最後に収支のギャップを確認して、対策を考えましょう。

【収入―支出=ギャップ(過不足額)】

(6000万円+2080万円)-5400万円=プラス2680万円(←嬉しいギャップ)

夫婦が90歳まで生活するためには、現状の情報での収入で足りています。

繰り返しますが、生活するための試算でしかないので、この先に介護や入院、災害などに遭った場合の経済的損失、または老いによる施設への入所などの費用は含まれていません。

したがって、これで安心せずに、できれば奥様は60歳まで働き10年間収入を増やし、その分を積極的に貯蓄に回すことも考えてみましょう。会社員は、自営業の方とは違い、就労して現金を得られる期間が限られています。働ける時にしっかり収入を得ておきましょう。

“現状のまま”なら最低限度の生活はできる?

住宅ローンがあと10年くらいで完済されると思います。年金生活に入る年齢の時には、住宅ローンがないため、毎月の支出は26万円-8.2万円=約18万円です。年金の収入だけでは足りないという事態が生じた場合は、節約して切り詰めるのか、不足分を手元の貯蓄から取り崩すのかはご夫婦で話し合っておきましょう。

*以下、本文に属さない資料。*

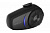 Sena Bluetooth гарнитура 10S-02 в Сочи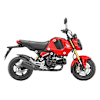 pyramid-hugger-extension-matte-black-honda-msx-125-2021current_detail2.jpg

このほかに、定年を見据えてできることは、生命保険の見直しです。定年後の不要な保障を見直しすると保険料は今よりも減らすことができます。死亡保障の見直しをすることが一般的ですが、奥様が長生きされて資金不足になることが不安で、そのまま保障を残しておいてほしいと考えていらっしゃる可能性もあります。生命保険の見直しで減額される場合は配偶者の気持ちも確認しておきましょう。

また、車が必要な地域の場合、車両費は必要な費用になります。車の買い換えはもう1回はありそうですので、買い換え用の資金も準備しておく必要があります。

退職金は自分でも作ることができる

退職金がない場合、ご自分で退職金をつくることも検討できます。iDeCoを利用して仮に月額2万3000円を掛けることができれば、投資による運用成績を考慮しない場合、8年間で約220万円を準備できます。また、iDeCoの掛け金は、所得控除を適用することができるので節税が期待できます。

50歳代の場合、定年はまもなくやってくる大きなライフイベントです。今すぐにできることはすぐにでも始めることが大切です。定年退職までは残り8年ほどです。奥様にも手伝ってもらう!くらいの気持ちを持って、ご夫婦でラストスパートをかけてみましょう。